Regulated cell death may result from immunologically silent apoptosis or from immunogenic necrosis (1 –3). Necroptosis, the best-characterized pathway of regulated necrosis, involves activation of receptor-interacting protein kinase 3 (RIPK3)-mediated phosphorylation of mixed lineage kinase domain-like protein (pMLKL) and subsequent plasma-membrane rupture, which was demonstrated in several disease states, including ischemia–reperfusion injury (IRI) in all organs analyzed (2 –6); however, none of these previous studies clearly investigated the mode of cell death in the primary parenchymal cells. Therefore, it remained possible that the protective effects reported upon application of the necroptosis inhibitor necrostatin-1 (Nec-1) and for RIPK3-ko mice involve vascular, nonparenchymal effects. This possibility has been ruled out in non-IRI settings by conditional tissue targeting of proteins involved in the prevention of spontaneously occurring necroptosis, such as RIPK1, and components that regulate its ubiquitinylation status [linear ubiquitinylation chain assembly complex (LUBAC), cellular inhibitors of apoptosis proteins (cIAPs)), caspase-8, and Fas-associated protein with death domain (FADD)] in the gastrointestinal tract (7, 8), the skin (9, 10), the liver (11), and immune cells (12, 13), all of which result in spontaneous RIPK3-mediated tissue necroptosis and inflammation (7 –9, 11, 12, 14 –17).

Ferroptosis is an iron-dependent necrotic type of cell death that occurs due to lipid peroxide accumulation, which routinely is prevented by glutathione peroxidase 4 (GPX4), a glutathione-(GSH)-dependent enzyme, and therefore depends on the functionality of a glu/cys antiporter in the plasma membrane referred to as system X_c-minus (18 –20). Ferroptosis has been reported to cause several diseases and may be interfered with in vitro by the small molecule ferrostatin-1 (Fer-1) (18); however, Fer-1 was suggested to have low in vivo functionality due to potential metabolic and plasma instability.
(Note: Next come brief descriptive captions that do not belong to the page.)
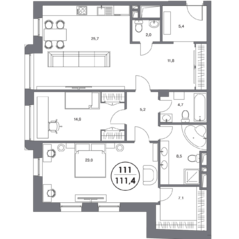 МФК «Театральный Дом», планировка 2-комнатной квартиры, 111.40 м²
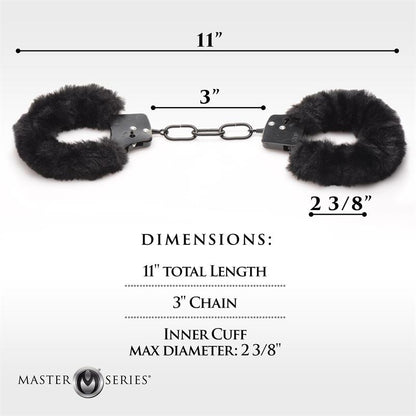 MASTER SERIES - FURRY HANDCUFFS BLACK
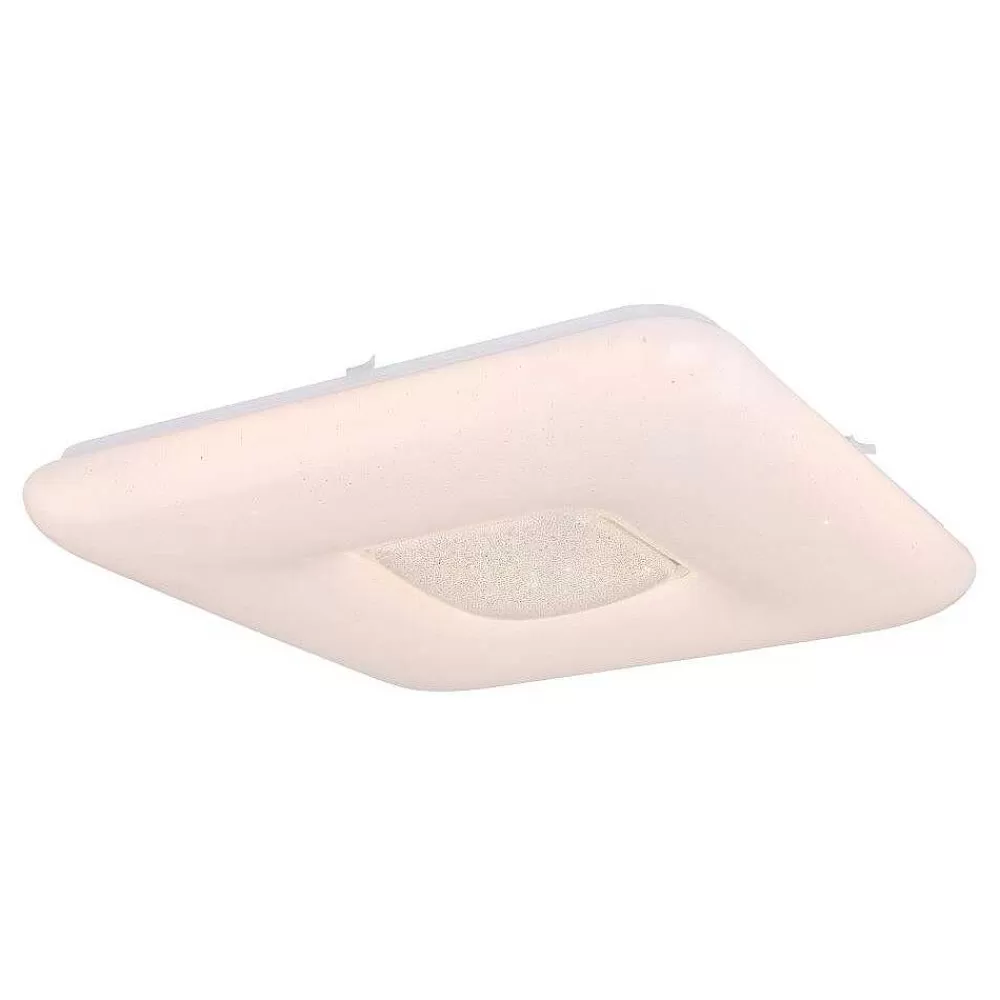 Luminaires Globo Lighting Plafonnier Globo Trystan Led Blanc, 1 Lumiere, Telecommandes, Changeur De Couleurs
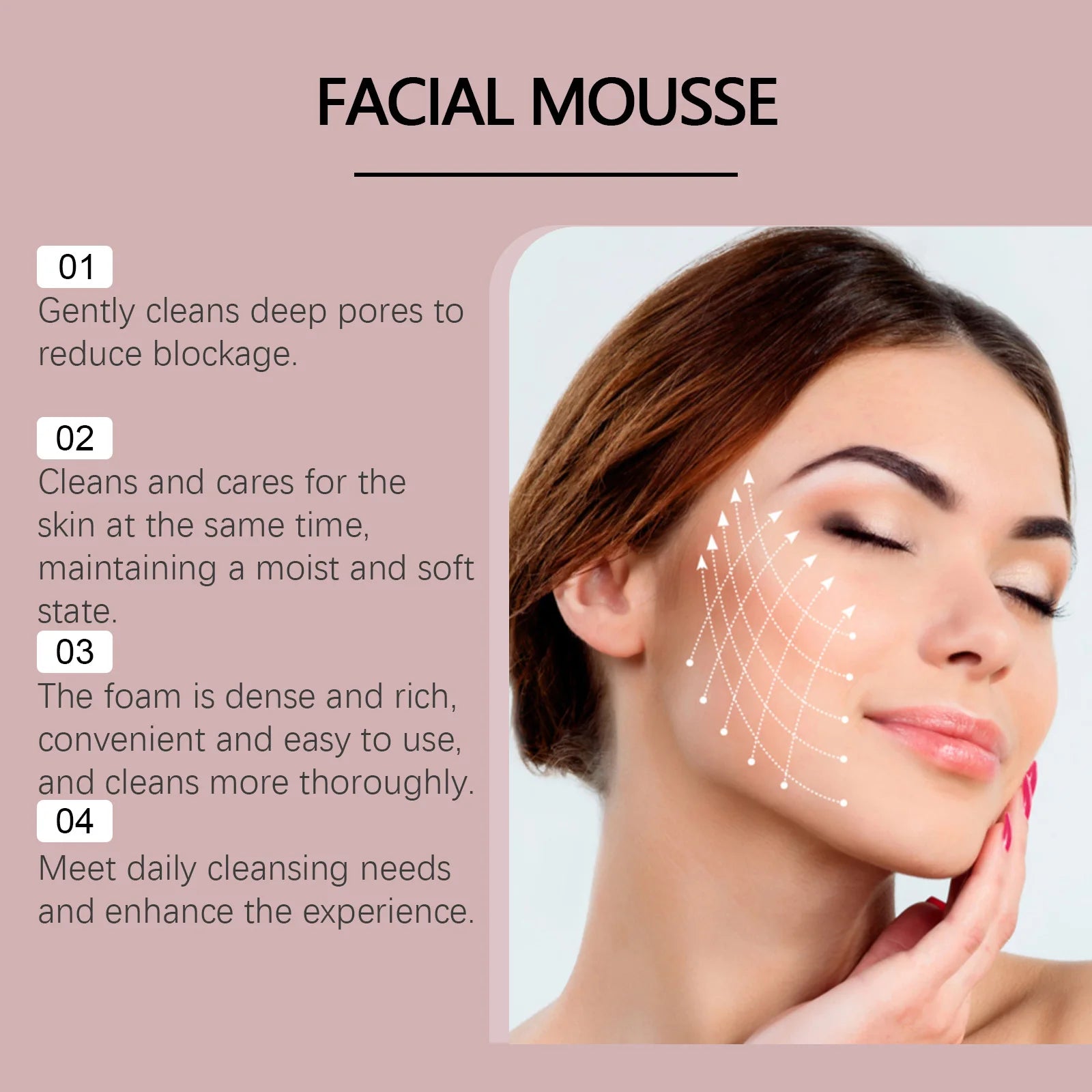 Rice Water Cleansing Mousse Oil Control Deep Cleaning Pores Moisturizing Brightening Soothing Rejuvenation Foam Face Wash Care Qme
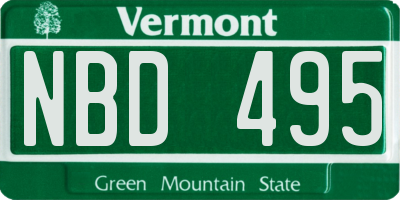VT license plate NBD495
In the present studies, we used inducible, conditional kidney tubule-specific genetic deletion of FADD and caspase-8, intravital microscopy, fresh isolation of primary kidney tubules, and four preclinical models of acute organ failure to further assess the relative roles of necroptosis and ferroptosis. We find that ferroptosis is of functional in vivo relevance in acute tubular necrosis and IRI, and we introduce, to our knowledge, the first ferroptosis inhibitor that is applicable for inhibition of ferroptosis in vivo. We conclude that specific combinatory therapies will be most promising for the prevention of clinically relevant IRI and that the nephron represents, to our knowledge, the first described tissue that is not sensitized to necroptosis by loss of FADD or caspase-8.

Acknowledgments

We thank Katja Bruch, Maike Berger, Janina Kahl, and Monika Iversen for excellent technical assistance and Justus Cordt for expert help with mouse weight charts. A.L. received funding from the German Society for Nephrology, the Else Kröner-Fresenius Stiftung, Pfizer, and Novartis. H.-J.A. is supported by Deutsche Forschungsgemeinschaft Grants AN372/9-2, AN371/12-2, and AN372/15-1 and the Else Kröner-Fresenius Stiftung. B.R.S. is an Early Career Scientist of the Howard Hughes Medical Institute and received funding from New York State Stem Cell Science (Contract C026715 for the Chemical Probe Synthesis Facility), the US National Institutes of Health (NIH Grants R01CA097061, R01GM085081, and R01CA161061), the Whitehall Foundation, the William Randolph Hearst Foundation, and the Baby Alex Foundation. J.M.W. is supported by NIH Grant R01DK34275 and the Veterans Administration. Research in the P.V. unit is supported by Belgian grants (Interuniversity Attraction Poles Grants IAP 6/18 and IAP 7/32), Flemish grants (Research Foundation Flanders Grants FWO G.0875.11, FWO G.0973.11 N, FWO G.0A45.12 N, FWO G.0172.12, FWO G.0787.13N, G0C3114N, and FWO KAN 31528711), Ghent University grants (Multidisciplinary Research Partnership, Ghent Researchers On Unfolded Proteins in Inflammatory Disease consortium), and grants from the Flanders Institute for Biotechnology. P.V. holds Methusalem Grant BOF09/01M00709 from the Flemish Government. S.K. received grants from Pfizer, Novartis, Fresenius, and the Else Kröner-Fresenius Stiftung.

Acknowledgments

Footnotes

The authors declare no conflict of interest.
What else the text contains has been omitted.